* THE DATA
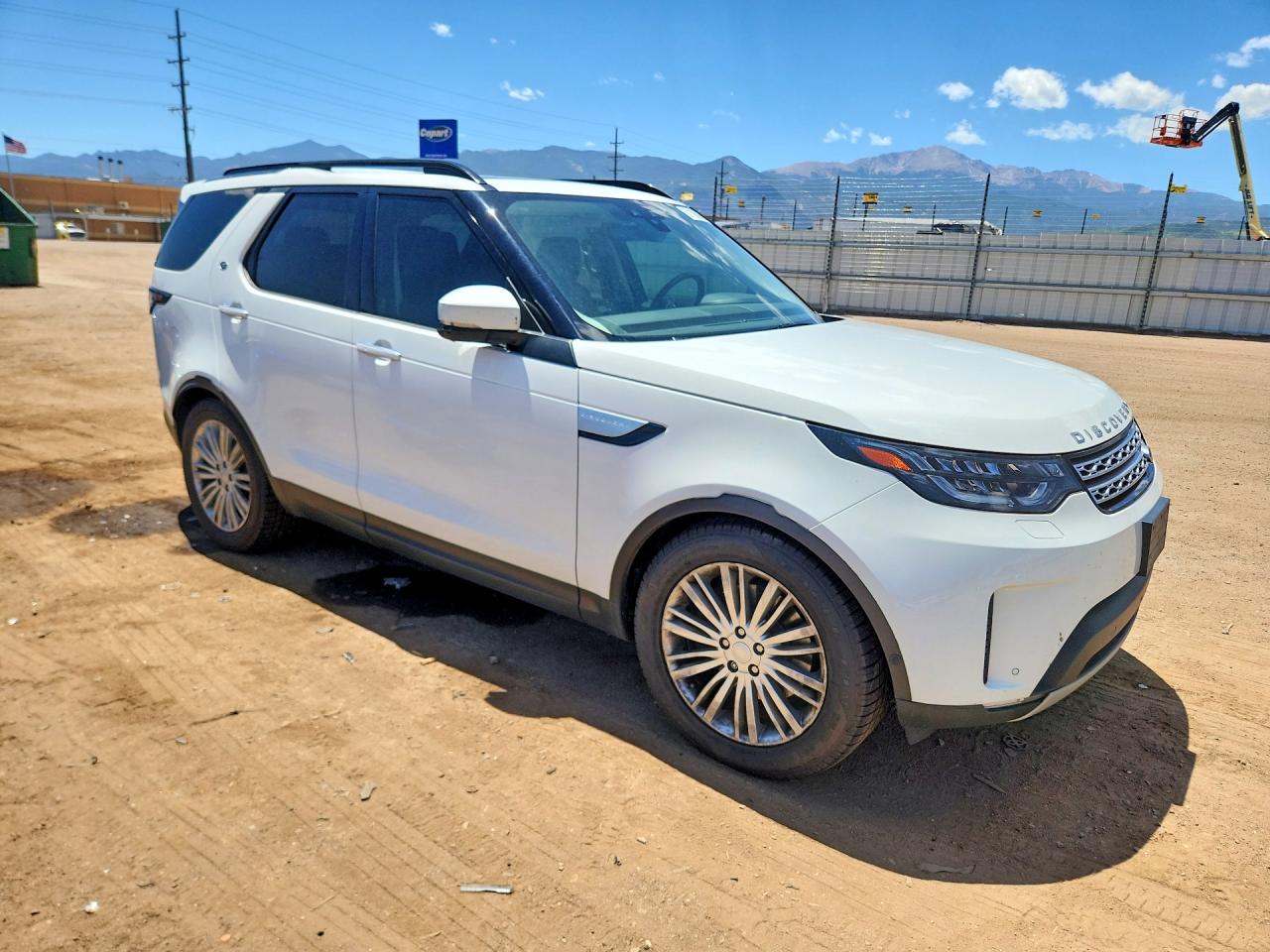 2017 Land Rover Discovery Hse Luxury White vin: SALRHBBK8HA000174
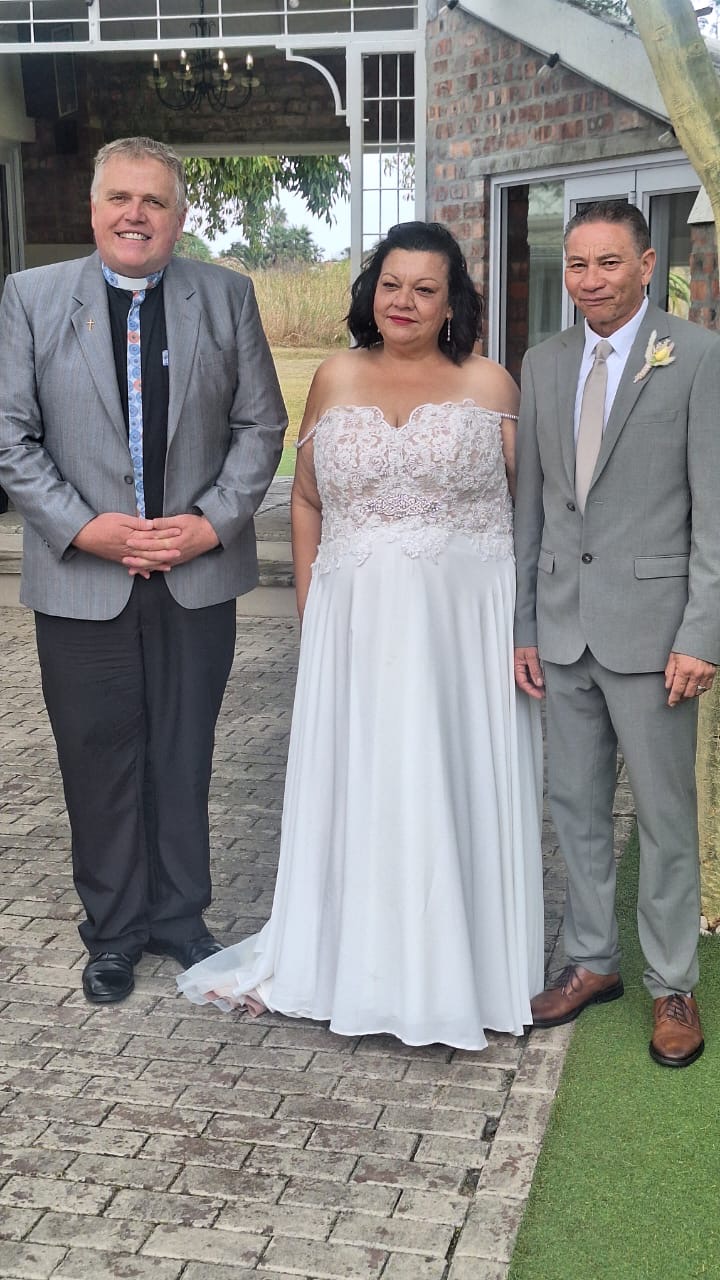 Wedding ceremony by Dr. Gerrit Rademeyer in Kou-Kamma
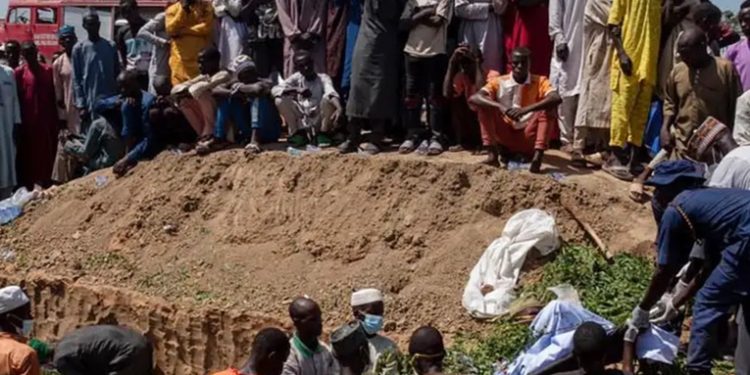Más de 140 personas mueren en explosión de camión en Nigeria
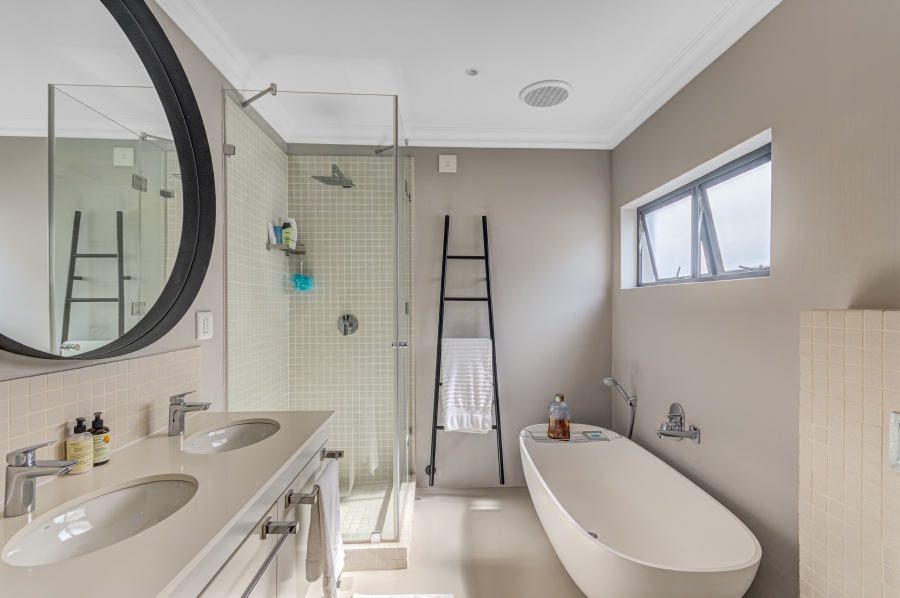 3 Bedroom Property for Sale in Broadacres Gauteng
==
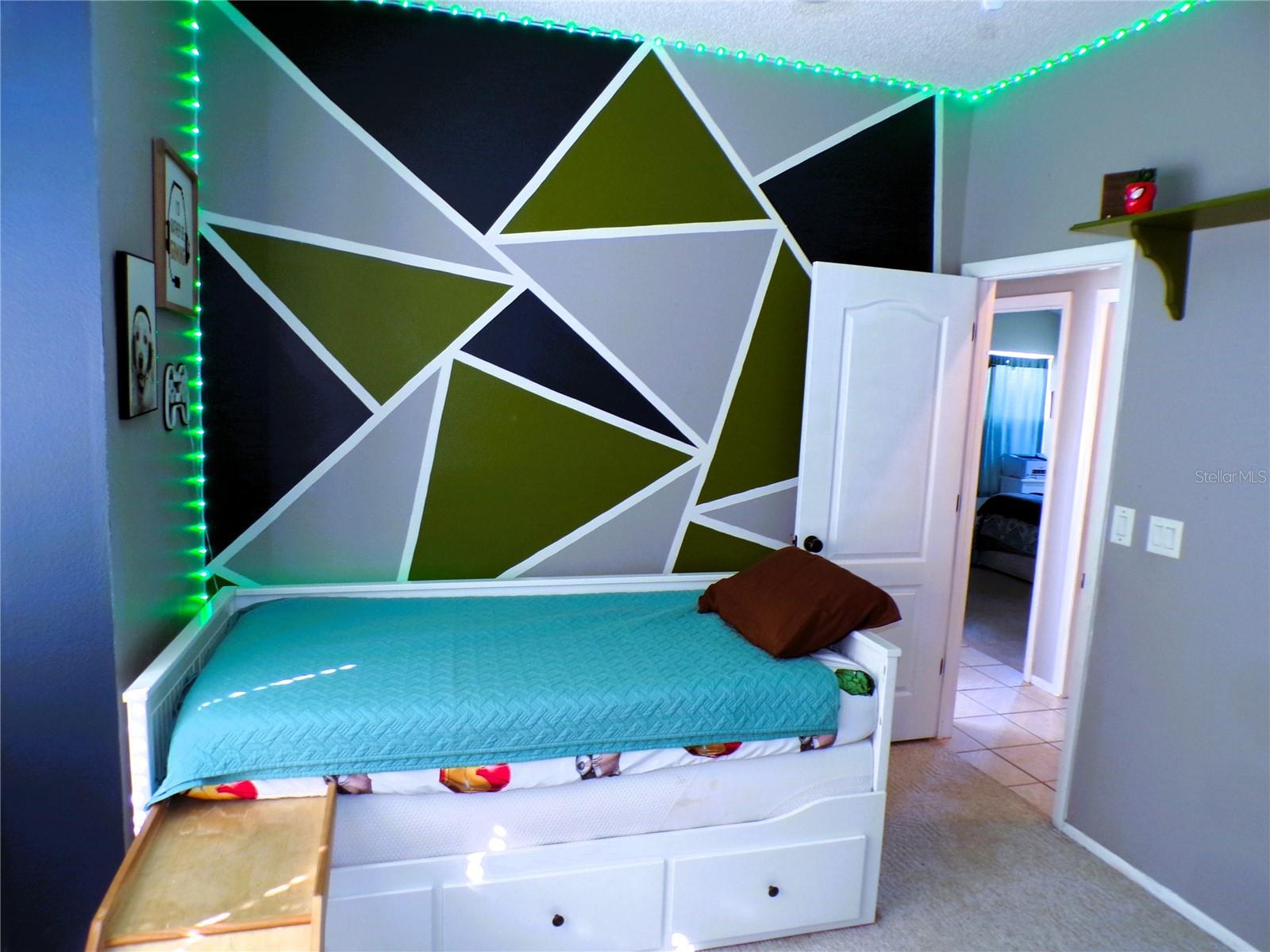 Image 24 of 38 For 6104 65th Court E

* PROBLEM TO WORK ON
Pictures excluded, transcribe the listing above exactly from the line with "Más de 140 personas" through the line with "3 Bedroom Property", and no further.

* WRITTEN ANSWER
Más de 140 personas mueren en explosión de camión en Nigeria
 3 Bedroom Property for Sale in Broadacres Gauteng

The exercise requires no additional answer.